As we begin 2011, the weather forecast in the southern hemisphere isn’t the only stormy outlook. Milk futures have dropped from their peaks of recent months, and combined with rising grain and oilseed prices, dairy producers are again getting squeezed on both fronts. That’s not a great way to begin a new year.
On the other hand, the good news is that we continue to make progress in building a case for policies that address this kind of vise-like pressure on margins. I’ve written previously about the need forFoundation for the Future’s comprehensive changes in dairy policy, and in particular, a focus on how to indemnify farmers against not just low milk prices, but destructively-low margins. Current events – in the form of flooding in Australia and droughts in South America – are again demonstrating the value in this kind of approach.
We also have to acknowledge that our domestic biofuels policy is another factor behind the run-up in corn and soybean prices. Just before Christmas last month, Congress basically left intact the subsidy regime that helps create ongoing competition between ethanol distilleries and livestock producers. NMPF is concerned with ethanol’s impact on the livestock sector, but rather than focus our resources on rolling back ethanol policy – a long-shot prospect at best, particularly now that the new tax deal is signed, sealed and delivered – what we are doing is focusing on altering dairy policy to address the fact that corn and soybeans are not going back to price levels we saw 10 years ago. And that’s not just because of the growth of ethanol.

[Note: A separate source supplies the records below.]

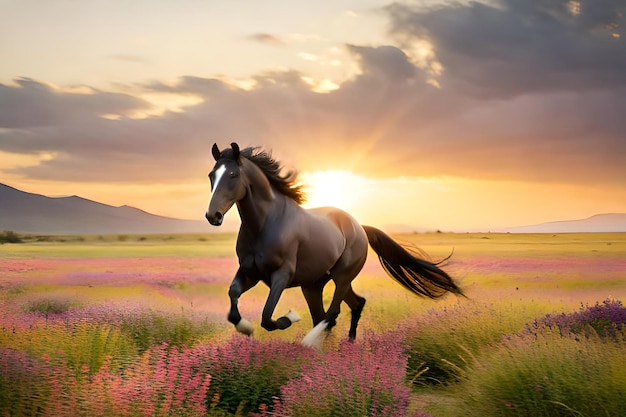 Paard dat in een veld loopt bij zonsondergang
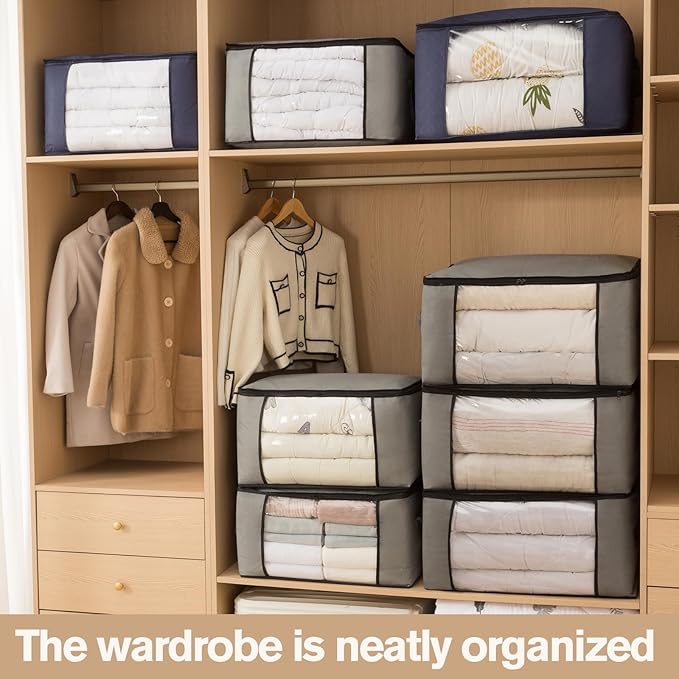 Large Storage Bags, Clothes Storage Bins Foldable Closet Organizers Storage Containers with Durable Handles Thick Fabric for Blanket Comforter Clothing Bedding(grey, 60L (4Pick)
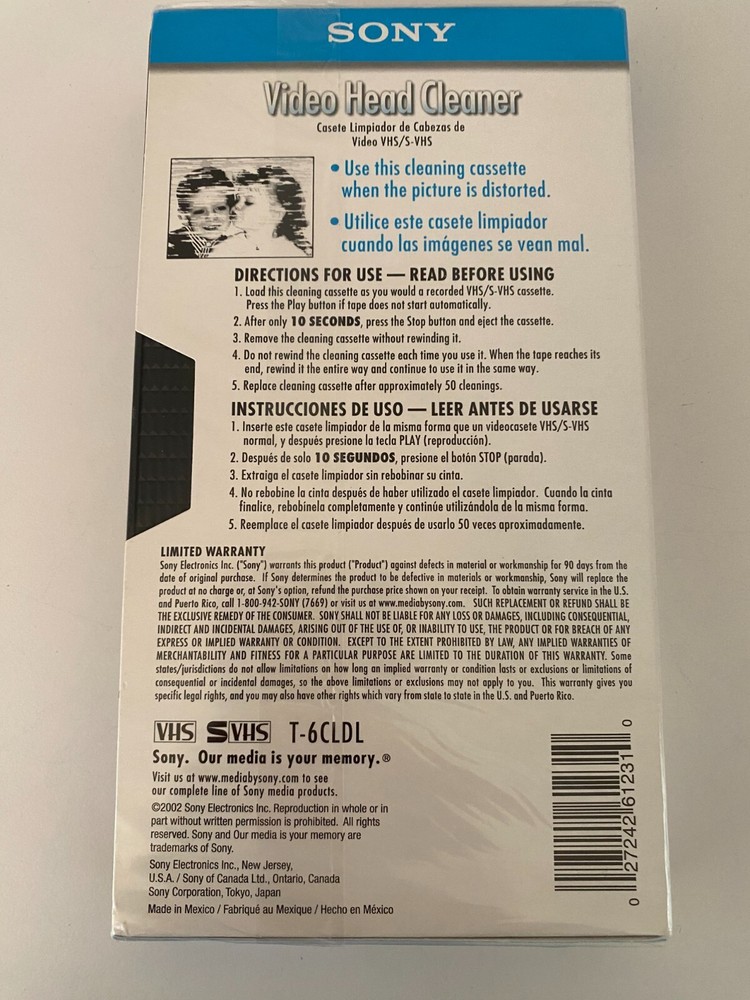 SONY VHS / S-VHS Video Head Cleaner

Agriculture markets and, ultimately, consumer markets have greatly evolved in the past decade. Asian demand for grain, and meat and milk, are roiling markets for all kinds of commodities. India and China today each has a middle class that is larger in size than the one we have in the U.S. Biofuels plants are an aggressive competitor compared with traditional uses for feedstocks. Lastly, the weather has gotten more volatile, creating price volatility with each change in the weekly forecast.
It would be folly to believe that the U.S. dairy industry will be insulated from the impact of these changes on the cost structure of the entire farm complex. We are now trying to revamp dairy policy to address margins, not just milk prices, precisely because input costs are going to be more volatile in the future, and our dairy program needs to reflect that reality.